Information supplied:
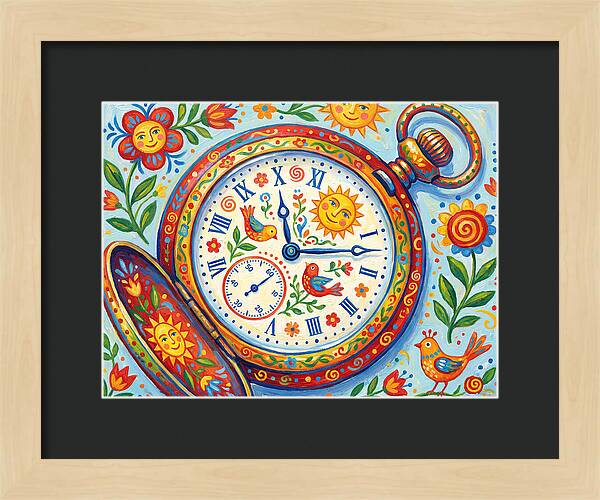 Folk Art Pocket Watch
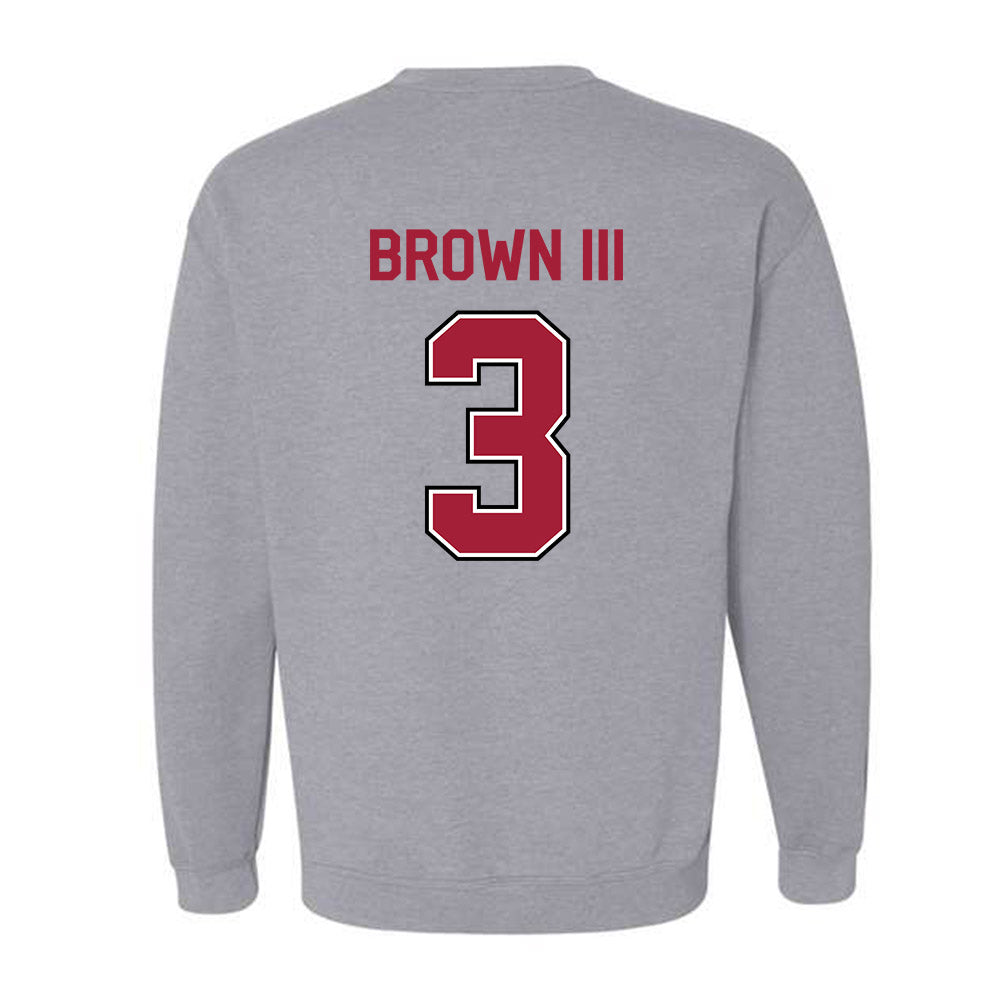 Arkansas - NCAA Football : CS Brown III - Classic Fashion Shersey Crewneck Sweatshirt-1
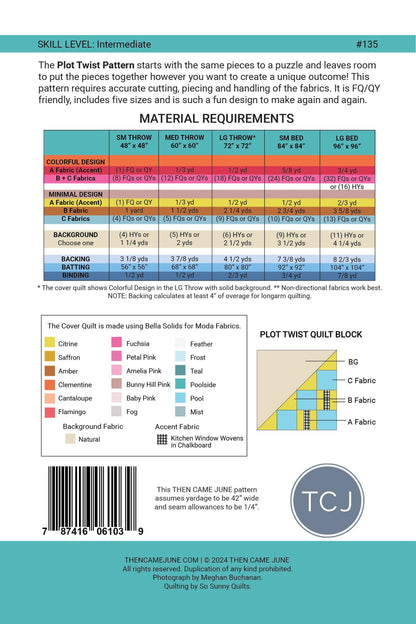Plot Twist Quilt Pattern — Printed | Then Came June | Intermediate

Task statement: For this exercise, return the material word for word and drop each image.

Answer area:
 Folk Art Pocket Watch
 Arkansas - NCAA Football : CS Brown III - Classic Fashion Shersey Crewneck Sweatshirt-1
Plot Twist Quilt Pattern — Printed | Then Came June | Intermediate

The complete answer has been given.